# In for my operation tomoro but im worried



## frags (Feb 5, 2009)

Im having a double hernia repair operation tomoro but im so worried as im not allowed to lift anything heavy for about a month or 2, todays heat has worried me on how my buns are going to cope in the shed!!
I have a fan in there but its only circulating hot air!!

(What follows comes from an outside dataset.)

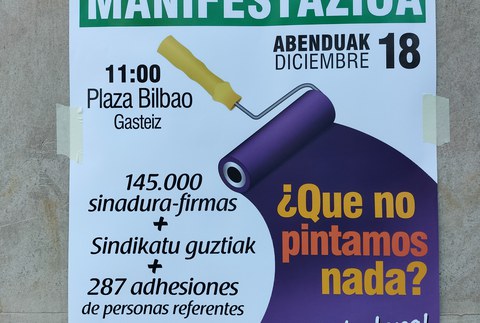 Pentsionistak Gasteiza, manifestazioa egitera itzuliko dira ostegunean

My husband isnt fond of rabbits and wouldnt know how to even pick 1 up properly!!
Ive contemplated cancelling the op due to the heat but ive waited months for this!

Really worried.


----------



## pickle (Mar 24, 2008)

Oh I do feel for you. I think you should go ahead with the op., for goodness sake don't cancel it, there will always be a problem of some sort to get over if you put it off. Your hubby is still going to have to manage isn't he, the only thing of course is the heat and I honestly can't think of a way round that one, unless you could afford a portable air con. system? 
Hopefully hubby will come through for you and your bunnies, fingers crossed. Best of luck.


----------



## ouisie (Apr 13, 2009)

Could you fill the freezer with bottles of water to put in the shed? That would help keep them cool. Do you have any friends who
would know how to look after the bunnies?


----------



## crofty (May 2, 2008)

Can you not get any of your friends to help? I hope everything goes ok x


----------



## frags (Feb 5, 2009)

For those who are interested...
I am home now, op went well although i am really sore.
buns were fine, leila and marc sorted them.


----------



## Kammie (Apr 4, 2009)

Glad everything went well for you. Go check out the pic of Dylan to take your mind off the soreness!


----------



## jemma_79 (Nov 1, 2009)

Hugs - rest up, glad you ok x


----------



## crofty (May 2, 2008)

Glad it went well, take it easy x


----------



## hazyreality (Jan 11, 2009)

Glad it went well Frags  hope you are not sore for too long 
That was good of Leila and Marc 
Is Leila your eldest daughter? I am good with the buns, not so much with the kids!

*Heidi*


----------



## new westie owner (Apr 30, 2010)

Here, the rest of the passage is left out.